◆ TASK
Begin at the line containing "Rushing Water River" in the entries below and end at the line containing "HABA 305345 - Puzzle"; transcribe that range exactly and nothing outside it.

◆ INFORMATION
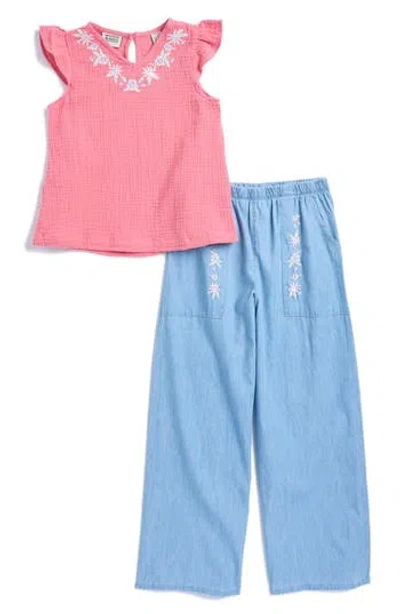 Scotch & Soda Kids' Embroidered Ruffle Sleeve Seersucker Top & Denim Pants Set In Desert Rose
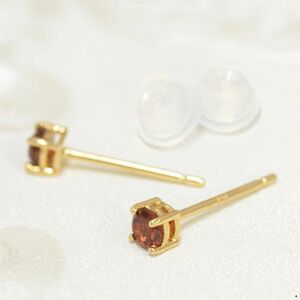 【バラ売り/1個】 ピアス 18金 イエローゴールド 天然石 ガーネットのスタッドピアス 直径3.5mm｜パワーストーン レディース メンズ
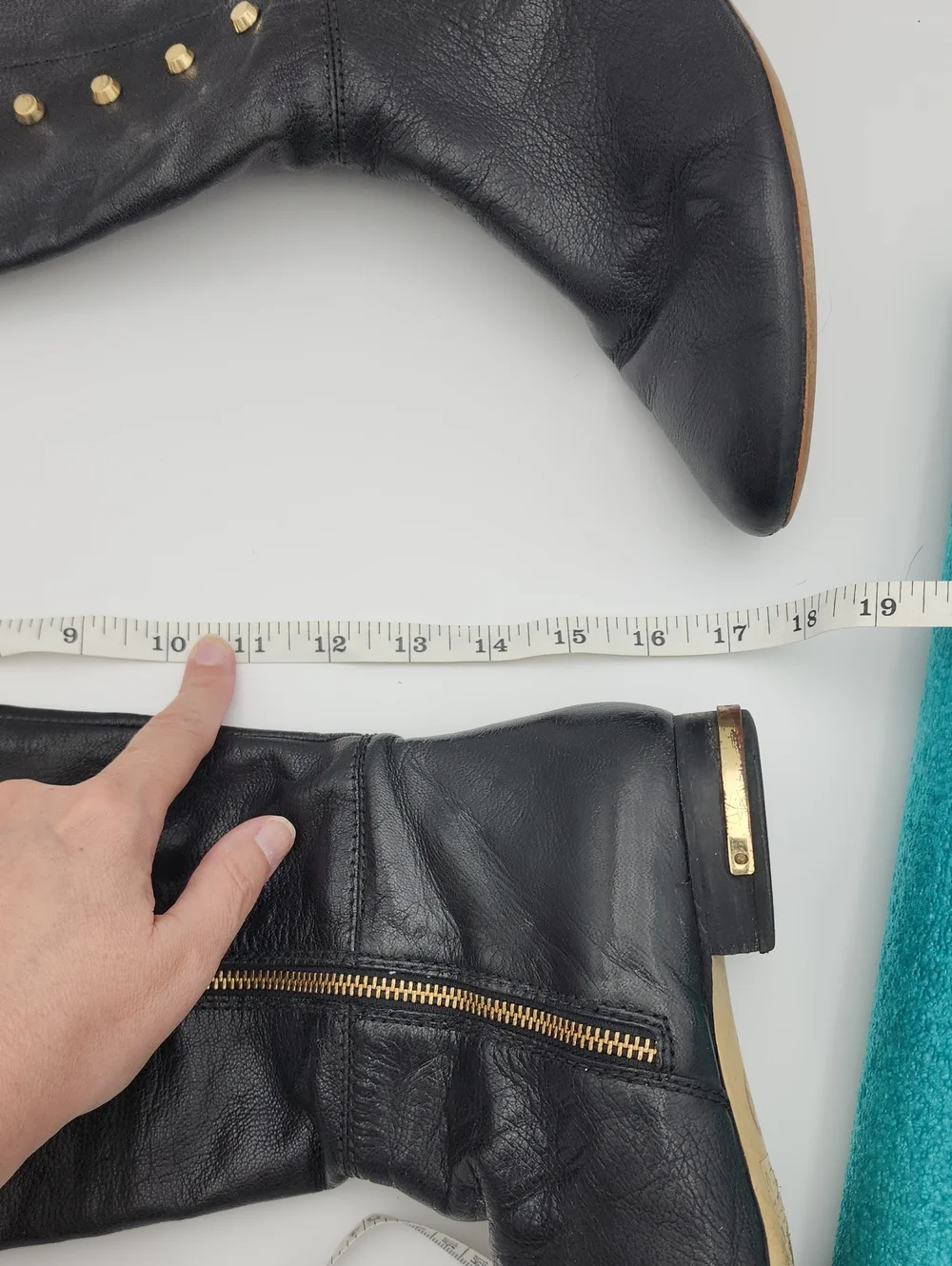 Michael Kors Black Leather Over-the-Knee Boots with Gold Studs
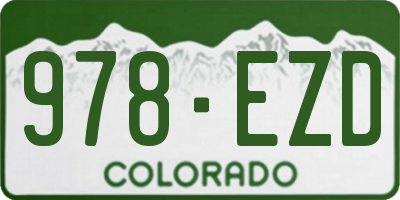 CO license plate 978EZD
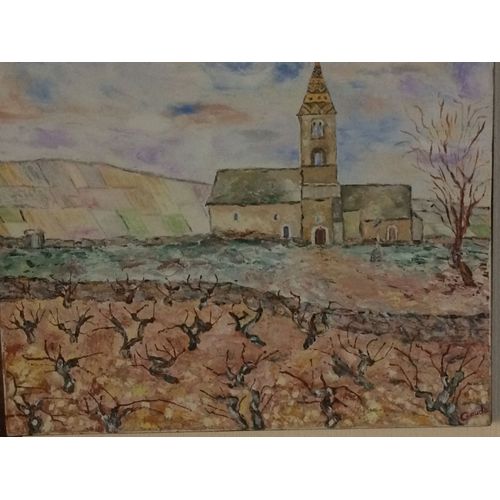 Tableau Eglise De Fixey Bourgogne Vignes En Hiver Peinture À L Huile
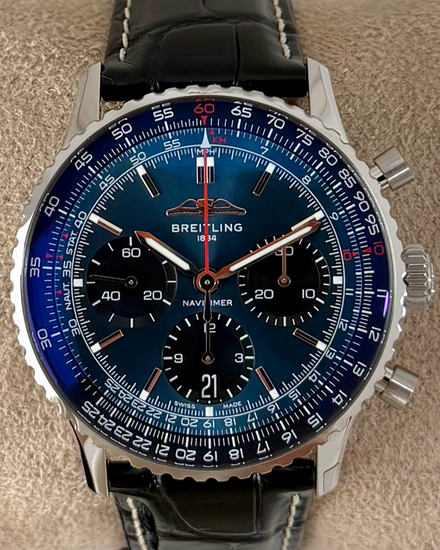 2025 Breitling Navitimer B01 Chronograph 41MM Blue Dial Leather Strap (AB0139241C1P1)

---

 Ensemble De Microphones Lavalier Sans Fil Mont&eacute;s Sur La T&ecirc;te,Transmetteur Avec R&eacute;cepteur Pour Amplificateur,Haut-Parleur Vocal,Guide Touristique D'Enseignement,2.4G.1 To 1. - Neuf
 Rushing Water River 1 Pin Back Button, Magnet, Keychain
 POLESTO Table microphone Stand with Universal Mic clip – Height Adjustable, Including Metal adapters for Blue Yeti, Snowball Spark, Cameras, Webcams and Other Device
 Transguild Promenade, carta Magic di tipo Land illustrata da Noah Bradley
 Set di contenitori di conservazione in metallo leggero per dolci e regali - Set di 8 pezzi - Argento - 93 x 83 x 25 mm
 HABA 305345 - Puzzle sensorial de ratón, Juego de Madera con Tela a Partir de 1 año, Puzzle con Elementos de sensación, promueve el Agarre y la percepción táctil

◆ COMPLETED EXERCISE
 Rushing Water River 1 Pin Back Button, Magnet, Keychain
 POLESTO Table microphone Stand with Universal Mic clip – Height Adjustable, Including Metal adapters for Blue Yeti, Snowball Spark, Cameras, Webcams and Other Device
 Transguild Promenade, carta Magic di tipo Land illustrata da Noah Bradley
 Set di contenitori di conservazione in metallo leggero per dolci e regali - Set di 8 pezzi - Argento - 93 x 83 x 25 mm
 HABA 305345 - Puzzle sensorial de ratón, Juego de Madera con Tela a Partir de 1 año, Puzzle con Elementos de sensación, promueve el Agarre y la percepción táctil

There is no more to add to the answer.